Fullness=Active or passive
Active= “That which fills” “contents of something”
Stott
Contents in a bowl
“Church fills or completes Christ”
Bruce “Thus, the church is ‘the complement of Christ who is the head’ (AG), ‘just as the body is the necessary complement of the head in order to make up a complete man.”
John Calvin: “By this word “fullness” he means that our Lord Jesus Christ and even God his Father account themselves imperfect, unless we are joined to him … as if a father should say, My house seems empty to me when I do not see my child in it. A husband will say, I seem to be only half a man when my wife is not with me. After the same manner God says that he does not consider himself full and perfect, except by gathering us to himself and by making us all one with himself.”
William Hendriksen writes of Christ: ‘As bridegroom he is incomplete without the bride; as vine he cannot be thought of without the branches; as shepherd he is not seen without his sheep; and so also as head he finds his full expression in his body, the church.’
“‘In some mysterious sense the church is that without which the Christ is not complete, but with which he is or will be complete. That is to say, he (sc. Paul) looks upon the Christ as in a sense waiting for completeness, and destined in the purpose of God to find completeness in the church.’ So he paraphrases: ‘The Head finds completeness in the Body: the Church is the completion of the Christ: for the Christ is being all in all fulfilled, is moving towards a completeness absolute and all-inclusive.’”
PASSIVE:
Passive= “that which is filled”
the church is ‘that which fills Christ who is being filled by it’.
Stott: “The church is the fullness of Christ not because it fills him, but because he fills it.”
Reasons:
“Nowhere else in Scripture is the church explicitly said to ‘fill’ or ‘complete’ Christ, whereas constantly Christ is said to indwell and fill his church… As his glory filled the Jerusalem temple, so today Jesus Christ who is the glory of God fills the church by his Spirit.” Stott
Emphasis is Lordship over all things. “A more appropriate conclusion woudl surely be to stress how this supreme Christ fills his church, as he also fills the universe.” Stott
Body and fullness serve as “successive descriptors of the church.”
Irony of this passage:
All about knowing, but the more we know, the more mysterious this all becomes! This is ultimately BEYOND knowledge!
Stott:
Paul’s desire is to have a thorough knowledge of God’s call, inheritance, and power (especially power!)

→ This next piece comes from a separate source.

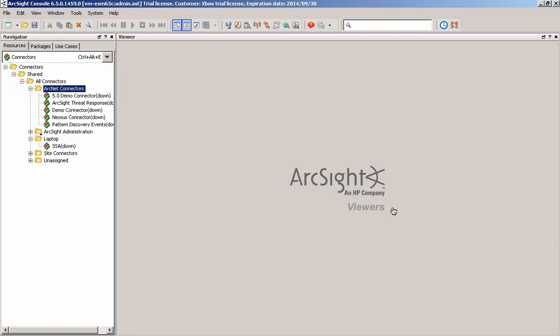Right, hello again. I'm here to do a quick install and demonstration of how you would actually go about the process of getting everything up and working for RepSM for ArcSight ESM or Express.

Snodgrass: “Unfortunately, much of modern Christianity is guilty of a drippy sentimentality, or worse, of sensationalism. With the latter, preachers sound more like religious professional wrestlers hyping an audience.”
Snodgrass: “The church’s confidence ought not, however, be misunderstood as triumphalism—the sin of overemphasizing “victory” so that sin, difficulty, and pain are not acknowledged and dealt with. Triumphalism in its arrogance forgets the cross and God’s identification with the pain of the world.”

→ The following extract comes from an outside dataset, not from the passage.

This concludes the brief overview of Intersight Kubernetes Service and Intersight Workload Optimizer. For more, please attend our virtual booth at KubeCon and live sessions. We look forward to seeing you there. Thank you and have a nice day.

Snodgrass: “Relational Power—power that is known because of being bound to the one in whom power resides.”
Not works, second blessing, power over the demonic, or astrology…

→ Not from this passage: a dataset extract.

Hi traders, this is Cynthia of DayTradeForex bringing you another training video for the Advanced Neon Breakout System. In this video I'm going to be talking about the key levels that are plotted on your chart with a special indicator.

Snodgrass: “Its purpose is that people may focus on Christ, rejoice, and live confidently. To focus on the demonic is to lose focus on Christ—precisely what happens in Frank Peretti’s novels. Such a focus is out of bounds, as are Walter Wink’s suggestions of talking to the demonic. Evil is real, and as far as we can tell, so are spiritual beings, but they are not mentioned in this passage because they are a threat or should be a cause of concern. Instead, they are defeated and we need not worry.”
NOT power to exercise, but a power to revel in.
John Stott puts it aptly: ‘What Paul does in Eph. 1, and therefore encourages us to copy, is both to keep praising God that in Christ all spiritual blessings are ours and to keep praying that we may know the fullness of what he has given us’.